Gli ex dipendenti, 60 in tutto, da mesi sono senza stipendi, secondo quanto raccontato da uno di loro, hanno ricevuto un acconto a settembre ma, emolumenti a parte, c’è il futuro a tinte fosche. I manifestanti sostengono che se fossero licenziati avrebbero la possibilità di accedere alla disoccupazione ma la gestione della società non è più nelle mani dei proprietari bensì del curatore fallimentare, nominato dal Tribunale.

Lavoratori nel limbo

Allo stesso tempo, gli ex lavoratori Gemar non prendono in considerazione l’ipotesi di un licenziamento pilotato da loro stessi perché, a loro dire, sarebbero esclusi da un possibile assorbimento da parte di un nuovo gestore che intendesse subentrare.

L’inchiesta

Secondo i magistrati della Procura di Siracusa ed i militari della Guardia di Finanza, nel corso della procedura fallimentare, sarebbero emerse  “delle condotte distrattive dei soci e dei loro familiari, i quali avevano asportato un ingente quantitativo di merce e denaro contante”. Da qui il sequestro dei soldi, circa 130 mila euro nella disponibilità della famiglia Barcio, coinvolta nel procedimento della Procura di Siracusa.

Il dissequestro dei soldi

I soldi, però, nelle settimane scorse, sono stati dissequestrati dai giudici del Tribunale del Riesame di Siracusa che hanno accolto il ricorso della difesa, rappresentata dagli avvocati Bruno Leone, Antonino Leone e Costantino Vinci.
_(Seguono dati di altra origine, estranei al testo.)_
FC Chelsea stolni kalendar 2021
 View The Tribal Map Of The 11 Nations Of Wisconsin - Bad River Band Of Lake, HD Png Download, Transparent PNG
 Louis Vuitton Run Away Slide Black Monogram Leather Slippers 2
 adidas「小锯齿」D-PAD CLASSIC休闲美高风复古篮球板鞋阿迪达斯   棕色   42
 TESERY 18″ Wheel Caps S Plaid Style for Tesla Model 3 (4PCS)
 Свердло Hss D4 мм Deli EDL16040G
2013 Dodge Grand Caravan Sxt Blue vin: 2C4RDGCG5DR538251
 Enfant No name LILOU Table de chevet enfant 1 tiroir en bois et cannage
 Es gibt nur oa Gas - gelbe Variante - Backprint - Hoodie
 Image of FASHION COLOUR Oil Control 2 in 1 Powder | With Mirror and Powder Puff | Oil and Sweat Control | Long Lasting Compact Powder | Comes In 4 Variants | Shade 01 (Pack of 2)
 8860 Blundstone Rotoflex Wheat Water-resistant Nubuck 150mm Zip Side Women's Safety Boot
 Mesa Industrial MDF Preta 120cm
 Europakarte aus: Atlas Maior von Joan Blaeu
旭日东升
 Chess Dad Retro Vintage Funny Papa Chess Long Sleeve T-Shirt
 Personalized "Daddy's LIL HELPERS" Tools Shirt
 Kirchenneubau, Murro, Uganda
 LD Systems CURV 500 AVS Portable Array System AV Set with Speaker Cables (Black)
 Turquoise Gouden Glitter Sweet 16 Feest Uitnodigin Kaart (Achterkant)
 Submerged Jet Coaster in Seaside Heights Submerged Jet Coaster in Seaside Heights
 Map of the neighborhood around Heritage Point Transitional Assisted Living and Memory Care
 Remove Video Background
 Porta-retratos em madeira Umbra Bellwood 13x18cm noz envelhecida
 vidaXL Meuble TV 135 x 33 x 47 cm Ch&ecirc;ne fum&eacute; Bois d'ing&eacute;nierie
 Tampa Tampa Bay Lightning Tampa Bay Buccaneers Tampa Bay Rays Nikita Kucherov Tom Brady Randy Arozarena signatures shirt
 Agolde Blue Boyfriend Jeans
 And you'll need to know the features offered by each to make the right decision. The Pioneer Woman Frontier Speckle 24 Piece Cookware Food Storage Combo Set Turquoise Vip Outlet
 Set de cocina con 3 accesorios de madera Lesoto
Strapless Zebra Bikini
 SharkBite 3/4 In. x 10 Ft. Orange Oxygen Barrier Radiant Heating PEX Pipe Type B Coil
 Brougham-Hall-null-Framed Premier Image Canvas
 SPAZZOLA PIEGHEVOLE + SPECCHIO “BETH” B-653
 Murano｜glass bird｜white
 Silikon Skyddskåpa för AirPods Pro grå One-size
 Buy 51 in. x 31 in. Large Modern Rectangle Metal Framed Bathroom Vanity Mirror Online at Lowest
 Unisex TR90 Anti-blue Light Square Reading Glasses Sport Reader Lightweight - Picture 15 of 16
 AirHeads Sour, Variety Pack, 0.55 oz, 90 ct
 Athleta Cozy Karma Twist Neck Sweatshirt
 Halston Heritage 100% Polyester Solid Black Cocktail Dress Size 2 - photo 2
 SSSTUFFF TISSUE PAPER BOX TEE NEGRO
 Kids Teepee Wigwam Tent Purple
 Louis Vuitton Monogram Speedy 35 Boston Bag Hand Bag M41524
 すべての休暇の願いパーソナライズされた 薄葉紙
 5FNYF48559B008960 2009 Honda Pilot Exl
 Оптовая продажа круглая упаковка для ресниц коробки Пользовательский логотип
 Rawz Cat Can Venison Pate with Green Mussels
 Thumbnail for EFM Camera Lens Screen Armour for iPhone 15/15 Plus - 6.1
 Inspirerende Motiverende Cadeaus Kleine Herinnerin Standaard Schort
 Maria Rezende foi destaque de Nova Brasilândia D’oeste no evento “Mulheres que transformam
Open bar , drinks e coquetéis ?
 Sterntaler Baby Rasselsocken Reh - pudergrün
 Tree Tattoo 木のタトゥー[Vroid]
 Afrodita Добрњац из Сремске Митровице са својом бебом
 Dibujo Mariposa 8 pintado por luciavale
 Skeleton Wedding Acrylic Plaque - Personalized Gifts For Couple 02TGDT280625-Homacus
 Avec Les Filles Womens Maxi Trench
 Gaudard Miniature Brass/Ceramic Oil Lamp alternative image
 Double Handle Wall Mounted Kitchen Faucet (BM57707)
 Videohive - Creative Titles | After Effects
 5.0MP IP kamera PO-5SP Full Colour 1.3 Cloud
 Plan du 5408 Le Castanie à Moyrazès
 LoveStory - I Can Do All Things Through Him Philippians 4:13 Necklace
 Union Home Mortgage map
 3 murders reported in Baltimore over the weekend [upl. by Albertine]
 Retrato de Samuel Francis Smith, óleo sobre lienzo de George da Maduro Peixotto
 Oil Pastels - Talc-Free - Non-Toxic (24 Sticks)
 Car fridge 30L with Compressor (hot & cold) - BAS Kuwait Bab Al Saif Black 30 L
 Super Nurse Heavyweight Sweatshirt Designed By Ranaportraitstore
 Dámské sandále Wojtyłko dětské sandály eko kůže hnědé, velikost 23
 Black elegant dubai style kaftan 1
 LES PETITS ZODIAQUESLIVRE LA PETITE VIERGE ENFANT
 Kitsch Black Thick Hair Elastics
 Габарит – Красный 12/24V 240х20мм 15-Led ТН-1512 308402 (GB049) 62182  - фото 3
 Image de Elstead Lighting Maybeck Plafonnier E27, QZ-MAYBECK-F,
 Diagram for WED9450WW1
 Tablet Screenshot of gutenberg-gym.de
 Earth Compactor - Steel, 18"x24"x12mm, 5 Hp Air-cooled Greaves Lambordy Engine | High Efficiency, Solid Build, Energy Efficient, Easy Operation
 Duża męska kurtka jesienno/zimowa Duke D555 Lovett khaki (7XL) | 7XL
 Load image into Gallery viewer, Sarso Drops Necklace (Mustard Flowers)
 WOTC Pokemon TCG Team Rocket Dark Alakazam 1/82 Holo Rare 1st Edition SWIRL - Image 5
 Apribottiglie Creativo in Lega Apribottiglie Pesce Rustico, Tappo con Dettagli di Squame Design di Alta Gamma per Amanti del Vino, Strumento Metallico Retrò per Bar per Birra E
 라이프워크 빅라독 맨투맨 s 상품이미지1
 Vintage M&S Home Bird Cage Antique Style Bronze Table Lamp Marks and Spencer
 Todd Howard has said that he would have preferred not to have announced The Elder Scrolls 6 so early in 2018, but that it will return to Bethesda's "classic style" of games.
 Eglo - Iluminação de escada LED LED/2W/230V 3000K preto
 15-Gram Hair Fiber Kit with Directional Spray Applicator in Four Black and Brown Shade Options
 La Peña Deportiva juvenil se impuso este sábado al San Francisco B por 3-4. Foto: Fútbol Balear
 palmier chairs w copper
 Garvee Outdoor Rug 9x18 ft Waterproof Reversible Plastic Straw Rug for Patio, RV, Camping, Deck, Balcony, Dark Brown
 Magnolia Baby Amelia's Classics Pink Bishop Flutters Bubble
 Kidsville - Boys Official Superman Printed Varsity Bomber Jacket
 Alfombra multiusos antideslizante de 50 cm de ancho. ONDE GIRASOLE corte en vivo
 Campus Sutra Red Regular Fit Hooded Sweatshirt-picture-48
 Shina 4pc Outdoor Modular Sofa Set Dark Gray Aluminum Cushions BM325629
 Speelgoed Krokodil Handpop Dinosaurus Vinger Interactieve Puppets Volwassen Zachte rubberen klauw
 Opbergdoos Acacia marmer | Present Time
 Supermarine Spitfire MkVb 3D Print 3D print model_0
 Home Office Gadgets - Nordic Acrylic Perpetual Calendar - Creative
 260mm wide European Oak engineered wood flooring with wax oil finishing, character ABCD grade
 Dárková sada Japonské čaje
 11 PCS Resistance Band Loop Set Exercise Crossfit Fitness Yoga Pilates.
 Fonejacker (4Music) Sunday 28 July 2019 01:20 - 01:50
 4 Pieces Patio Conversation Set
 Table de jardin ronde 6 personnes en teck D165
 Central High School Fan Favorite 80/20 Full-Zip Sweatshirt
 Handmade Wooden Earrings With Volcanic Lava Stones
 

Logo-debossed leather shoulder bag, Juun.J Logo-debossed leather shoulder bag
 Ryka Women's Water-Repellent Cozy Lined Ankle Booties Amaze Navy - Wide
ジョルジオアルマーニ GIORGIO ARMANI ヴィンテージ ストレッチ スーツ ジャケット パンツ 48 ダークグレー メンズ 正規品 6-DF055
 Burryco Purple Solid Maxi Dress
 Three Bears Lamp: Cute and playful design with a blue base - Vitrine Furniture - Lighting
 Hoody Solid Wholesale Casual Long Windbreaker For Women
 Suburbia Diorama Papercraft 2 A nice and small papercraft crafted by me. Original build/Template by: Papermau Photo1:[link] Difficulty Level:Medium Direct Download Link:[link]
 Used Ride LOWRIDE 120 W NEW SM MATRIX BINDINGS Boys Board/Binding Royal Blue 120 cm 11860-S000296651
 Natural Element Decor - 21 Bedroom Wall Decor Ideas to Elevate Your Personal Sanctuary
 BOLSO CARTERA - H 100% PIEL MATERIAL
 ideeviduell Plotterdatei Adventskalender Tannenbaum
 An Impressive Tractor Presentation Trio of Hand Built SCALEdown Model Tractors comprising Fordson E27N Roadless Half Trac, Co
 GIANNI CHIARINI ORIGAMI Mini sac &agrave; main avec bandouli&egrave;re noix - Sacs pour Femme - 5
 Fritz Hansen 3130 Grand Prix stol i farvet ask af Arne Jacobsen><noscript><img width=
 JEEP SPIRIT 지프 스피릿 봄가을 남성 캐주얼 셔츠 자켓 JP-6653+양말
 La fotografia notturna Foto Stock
Le motivazioni del Riesame

Secondo quanto emerge nelle motivazioni del Riesame, innanzitutto, “il decreto risulta carente sotto il profilo della motivazione della finalità probatoria”.

Cosa avrebbe dovuto fare la Procura

Nel pronunciamento dei giudici emerge che “la finalità probatoria avrebbe potuto essere quella di verificare la corrispondenza, seppur approssimativa, del denaro rinvenuto nella disponibilità degli indagati e dei loro familiari con l’ammontare del denaro prelevato dalle casse, a seguito dello storno degli scontrini e dei passaggi bancomat effettuati dagli indagati”.

Inoltre, i giudice del Riesame spiegano che “di tale attività di indagine da espletare per verificare la corrispondenza sopradescritta, non vi è traccia nel decreto, tanto che non risultano sequestrati nè i registratori di cassa, né risultano effettuate verifiche in ordine agli scontrini annullati ed i pagamenti risultanti dai bancomat intestati agli indagati”.